Basta con gli sconti di pena a coloro che sono condannati per reati sessuali!

Come non essere d’accordo con una pena certa per coloro che si macchiano di reati infami come quelli contro le donne, spesso mogli, fidanzate, figlie?

Per forza. La vuoi pensare diversamente?

Ci vuole la giusta punizione per queste persone e bisogna tenerle lontane dalla società civile.

Con l’occasione mi torna in mente la visita che tempo fa ho fatto in un carcere dove sono andato per una piccola chiacchierata sulla tecnica teatrale, agli studenti iscritti al corso di scenotecnica.

Non ero l’unico lì a dover affrontare la difficoltà di una “lezione” in un ambiente così particolare, con studenti dalle storie così forti.

A me è venuto in mente, in una pausa, di chiedere agli studenti se dal loro punto di vista fosse evidente la funzione riabilitativa del carcere.

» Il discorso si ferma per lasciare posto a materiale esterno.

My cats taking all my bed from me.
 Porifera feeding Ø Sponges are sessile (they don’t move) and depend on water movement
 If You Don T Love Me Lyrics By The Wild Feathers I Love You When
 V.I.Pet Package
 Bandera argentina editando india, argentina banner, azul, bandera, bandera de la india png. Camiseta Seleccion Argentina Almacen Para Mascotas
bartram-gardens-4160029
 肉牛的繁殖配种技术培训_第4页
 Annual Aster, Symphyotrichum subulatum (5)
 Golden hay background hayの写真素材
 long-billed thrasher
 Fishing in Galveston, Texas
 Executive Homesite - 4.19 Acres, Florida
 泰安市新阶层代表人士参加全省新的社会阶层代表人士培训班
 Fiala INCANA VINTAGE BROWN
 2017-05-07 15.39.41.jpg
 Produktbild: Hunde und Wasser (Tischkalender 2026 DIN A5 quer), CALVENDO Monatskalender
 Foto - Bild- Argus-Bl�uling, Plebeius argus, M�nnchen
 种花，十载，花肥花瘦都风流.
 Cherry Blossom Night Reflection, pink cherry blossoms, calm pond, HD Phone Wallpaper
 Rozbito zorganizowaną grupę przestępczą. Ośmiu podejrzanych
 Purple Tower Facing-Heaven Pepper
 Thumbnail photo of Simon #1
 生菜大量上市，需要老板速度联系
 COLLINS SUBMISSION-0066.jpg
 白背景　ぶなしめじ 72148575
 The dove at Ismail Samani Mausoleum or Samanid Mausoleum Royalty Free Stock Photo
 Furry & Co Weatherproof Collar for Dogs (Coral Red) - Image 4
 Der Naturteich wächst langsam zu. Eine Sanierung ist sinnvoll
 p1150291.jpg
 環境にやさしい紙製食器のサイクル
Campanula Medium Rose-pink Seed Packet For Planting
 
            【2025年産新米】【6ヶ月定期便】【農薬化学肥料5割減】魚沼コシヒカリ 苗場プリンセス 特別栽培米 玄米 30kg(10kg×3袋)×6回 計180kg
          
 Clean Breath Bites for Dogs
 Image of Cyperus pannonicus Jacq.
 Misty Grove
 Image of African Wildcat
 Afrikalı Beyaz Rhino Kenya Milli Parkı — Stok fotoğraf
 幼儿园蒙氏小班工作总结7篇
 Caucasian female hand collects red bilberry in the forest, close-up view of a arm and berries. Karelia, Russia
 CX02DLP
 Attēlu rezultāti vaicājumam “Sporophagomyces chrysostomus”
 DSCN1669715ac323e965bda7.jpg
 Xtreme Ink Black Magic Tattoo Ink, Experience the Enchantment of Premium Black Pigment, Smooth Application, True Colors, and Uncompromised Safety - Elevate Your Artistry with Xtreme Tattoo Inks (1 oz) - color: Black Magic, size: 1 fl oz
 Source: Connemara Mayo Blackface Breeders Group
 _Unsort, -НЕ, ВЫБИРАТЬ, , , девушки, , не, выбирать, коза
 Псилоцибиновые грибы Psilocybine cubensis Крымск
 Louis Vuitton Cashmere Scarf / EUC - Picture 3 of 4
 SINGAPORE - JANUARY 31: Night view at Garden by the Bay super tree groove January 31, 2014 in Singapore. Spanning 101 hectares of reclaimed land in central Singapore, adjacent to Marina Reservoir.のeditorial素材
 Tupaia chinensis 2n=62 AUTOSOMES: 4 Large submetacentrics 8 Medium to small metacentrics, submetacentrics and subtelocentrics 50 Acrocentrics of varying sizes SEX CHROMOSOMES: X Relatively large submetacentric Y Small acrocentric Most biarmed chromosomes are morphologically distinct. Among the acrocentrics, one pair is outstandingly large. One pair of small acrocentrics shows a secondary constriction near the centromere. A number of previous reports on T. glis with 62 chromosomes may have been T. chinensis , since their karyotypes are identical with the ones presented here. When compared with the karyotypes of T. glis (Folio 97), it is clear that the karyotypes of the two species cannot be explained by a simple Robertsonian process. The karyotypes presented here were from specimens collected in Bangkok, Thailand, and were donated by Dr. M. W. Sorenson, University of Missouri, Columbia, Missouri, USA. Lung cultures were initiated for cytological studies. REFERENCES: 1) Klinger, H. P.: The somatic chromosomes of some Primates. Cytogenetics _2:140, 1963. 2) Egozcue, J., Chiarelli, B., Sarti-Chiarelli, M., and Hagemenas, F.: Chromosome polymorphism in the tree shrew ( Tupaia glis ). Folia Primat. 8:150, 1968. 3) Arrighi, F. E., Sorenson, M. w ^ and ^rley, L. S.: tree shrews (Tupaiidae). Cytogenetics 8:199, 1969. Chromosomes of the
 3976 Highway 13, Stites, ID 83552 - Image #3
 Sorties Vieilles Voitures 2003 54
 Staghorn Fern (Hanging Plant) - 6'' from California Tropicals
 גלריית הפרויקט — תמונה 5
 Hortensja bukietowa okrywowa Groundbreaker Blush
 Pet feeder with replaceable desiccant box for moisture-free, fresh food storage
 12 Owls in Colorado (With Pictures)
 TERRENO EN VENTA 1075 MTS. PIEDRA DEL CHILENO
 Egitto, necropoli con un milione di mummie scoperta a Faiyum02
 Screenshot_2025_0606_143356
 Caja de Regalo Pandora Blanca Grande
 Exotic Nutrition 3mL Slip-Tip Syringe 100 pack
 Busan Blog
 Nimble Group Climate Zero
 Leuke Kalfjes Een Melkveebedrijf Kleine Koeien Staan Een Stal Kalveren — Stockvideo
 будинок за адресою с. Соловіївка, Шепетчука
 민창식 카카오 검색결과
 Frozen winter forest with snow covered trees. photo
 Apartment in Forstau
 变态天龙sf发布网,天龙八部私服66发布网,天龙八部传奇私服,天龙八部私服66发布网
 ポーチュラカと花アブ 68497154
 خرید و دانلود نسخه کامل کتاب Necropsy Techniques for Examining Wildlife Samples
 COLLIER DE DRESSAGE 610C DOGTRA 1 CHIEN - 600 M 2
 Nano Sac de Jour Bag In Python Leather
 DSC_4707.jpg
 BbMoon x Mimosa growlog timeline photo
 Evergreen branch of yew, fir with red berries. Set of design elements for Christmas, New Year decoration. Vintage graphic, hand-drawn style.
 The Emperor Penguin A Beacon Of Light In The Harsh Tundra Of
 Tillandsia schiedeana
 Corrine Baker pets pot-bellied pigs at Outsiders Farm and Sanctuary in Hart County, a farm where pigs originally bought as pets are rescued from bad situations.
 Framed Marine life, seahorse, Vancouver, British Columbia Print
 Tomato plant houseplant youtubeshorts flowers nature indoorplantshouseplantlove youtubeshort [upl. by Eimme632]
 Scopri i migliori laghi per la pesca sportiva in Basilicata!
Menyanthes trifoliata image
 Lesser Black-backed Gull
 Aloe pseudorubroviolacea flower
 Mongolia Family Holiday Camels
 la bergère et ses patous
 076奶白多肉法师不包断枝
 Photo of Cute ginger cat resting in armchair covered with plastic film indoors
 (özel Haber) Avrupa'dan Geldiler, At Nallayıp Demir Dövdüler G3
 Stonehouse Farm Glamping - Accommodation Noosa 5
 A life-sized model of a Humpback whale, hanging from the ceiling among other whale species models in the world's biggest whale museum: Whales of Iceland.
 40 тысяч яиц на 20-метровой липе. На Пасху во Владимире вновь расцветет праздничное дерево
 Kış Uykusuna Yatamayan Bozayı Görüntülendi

Un signore anziano, lì dentro da non so quanto tempo e per quale reato, mi ha risposto:

Ma certo che no. Noi siamo qui per punizione. Siamo, o siamo stati, cattivi e la società dei buoni ci punisce chiudendoci qua dentro“.

Beh, allora non va bene.

Ho fatto la stessa domanda anche a un molto disponibile agente di servizio.

Le parole della sua risposta erano diverse, ma il concetto somigliava molto a quello del carcerato.

Quindi magari altri ci pensano alla riabilitazione, ma quelle due persone che ho sentito io in quella occasione, non ci credono.

E allora mi viene da pensare pure che se lo scopo è quello di recuperare alla società delle persone che hanno seguito un percorso negativo, intanto non ha senso la pena dell’ergastolo.

Proprio nessun senso.

Cosa recuperi a fare persone che non potranno mai tornare nel mondo dei “buoni”?

E poi, ancora, se lo scopo è quello, come mai non si pensa a pene che variano in base alla capacità di recupero sicuramente diversa per ognuno?

Ora siamo nella condizione di stessa pena per lo stesso reato.

Dice, ma chi lo stabilisce quanto ci mette quello lì a recuperare?

E allora su che base è stata pensata la durata della pena? Non sul recupero? E poi la struttura carcere è preparata a questa funzione?

Lavora per formattare persone da rendere “migliori”. Ha gli strumenti per farlo?

Insomma, va bene lasciare alla discrezionalità e alla coscienza del giudice, di quanto arrotondare la permanenza in carcere senza una norma che tenga chiaramente conto della possibilità dell’individuo di recuperare il suo ruolo nella società?

(Magari c’è già e io non la conosco eh).

E poi, visto che ci siamo: ma che mi significa l’ergastolo “ostativo”?

Sarebbe quella pena che non consente sconti, quindi si esce solo da morti.

Ma ha un senso?

Se ce l’ha io fatico a trovarlo. Fatico parecchio.